(Crawled caption data)
____________________

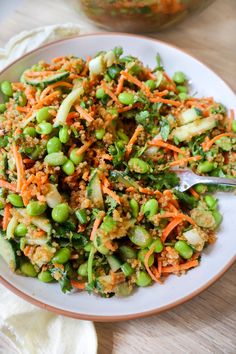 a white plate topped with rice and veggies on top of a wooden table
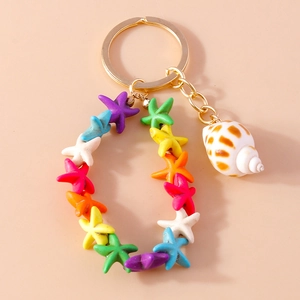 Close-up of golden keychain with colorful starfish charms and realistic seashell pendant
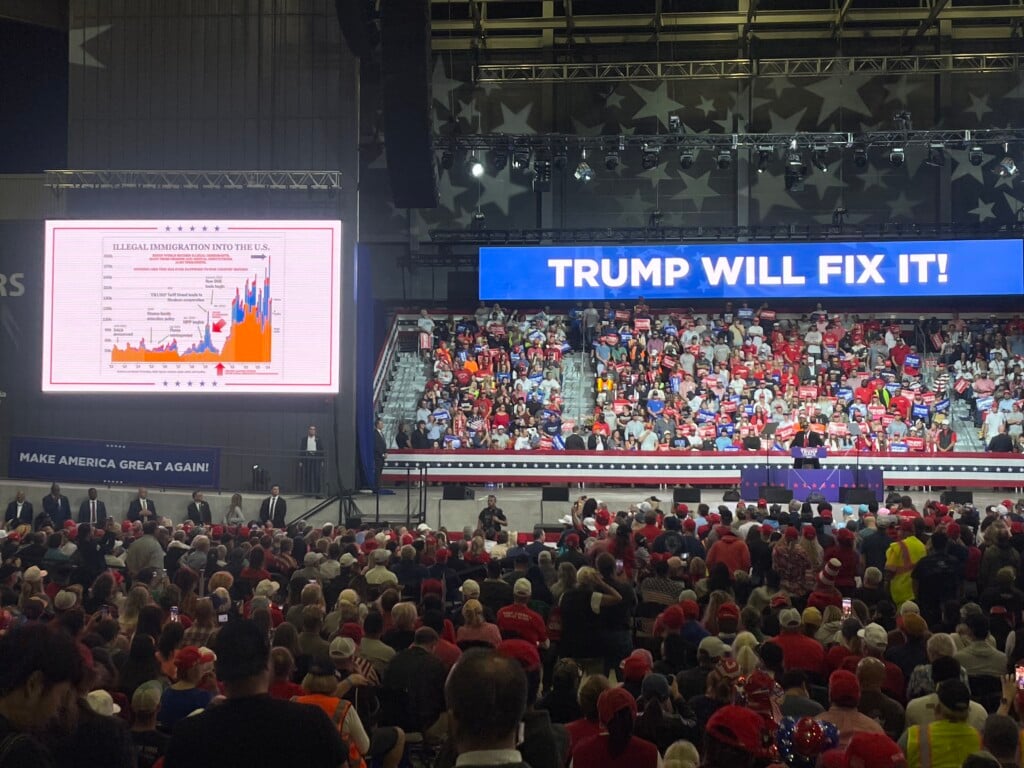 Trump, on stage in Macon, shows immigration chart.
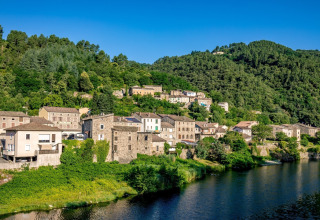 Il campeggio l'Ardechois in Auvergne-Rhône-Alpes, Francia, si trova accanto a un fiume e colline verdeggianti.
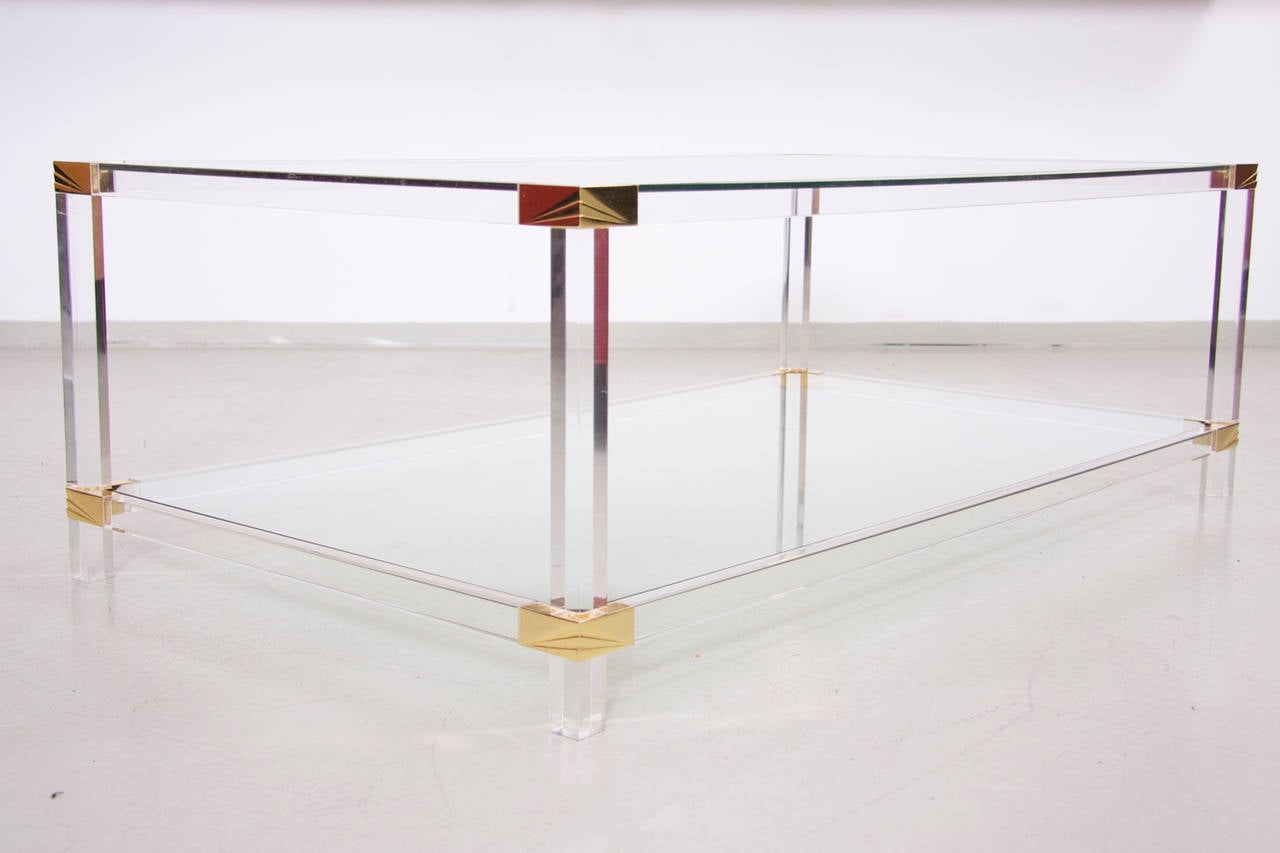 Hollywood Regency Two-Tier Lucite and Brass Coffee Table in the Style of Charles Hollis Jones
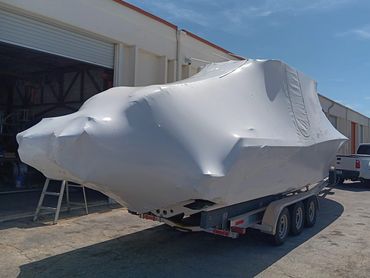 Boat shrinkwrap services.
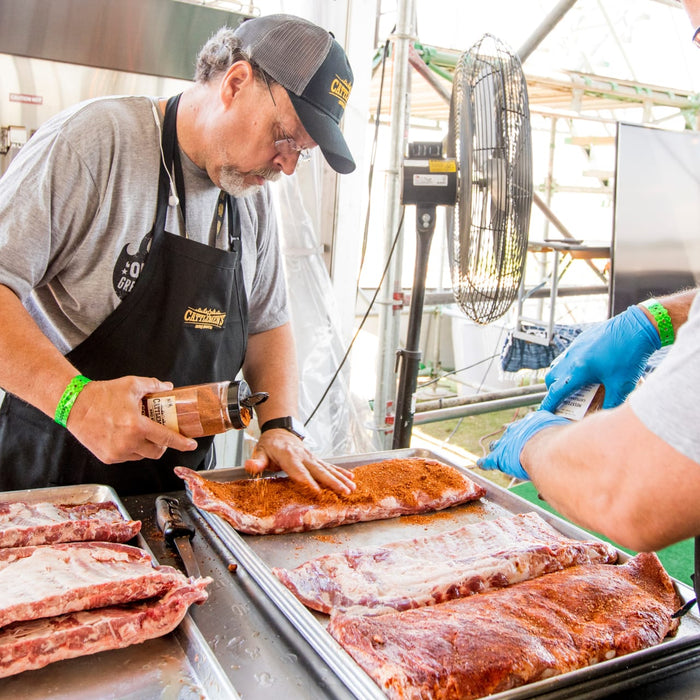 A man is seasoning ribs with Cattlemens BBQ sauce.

____________________

Transcribe every line of the records exactly. Pictures do not belong in the copy.

 a white plate topped with rice and veggies on top of a wooden table
 Close-up of golden keychain with colorful starfish charms and realistic seashell pendant
 Trump, on stage in Macon, shows immigration chart.
 Il campeggio l'Ardechois in Auvergne-Rhône-Alpes, Francia, si trova accanto a un fiume e colline verdeggianti.
 Hollywood Regency Two-Tier Lucite and Brass Coffee Table in the Style of Charles Hollis Jones
 Boat shrinkwrap services.
 A man is seasoning ribs with Cattlemens BBQ sauce.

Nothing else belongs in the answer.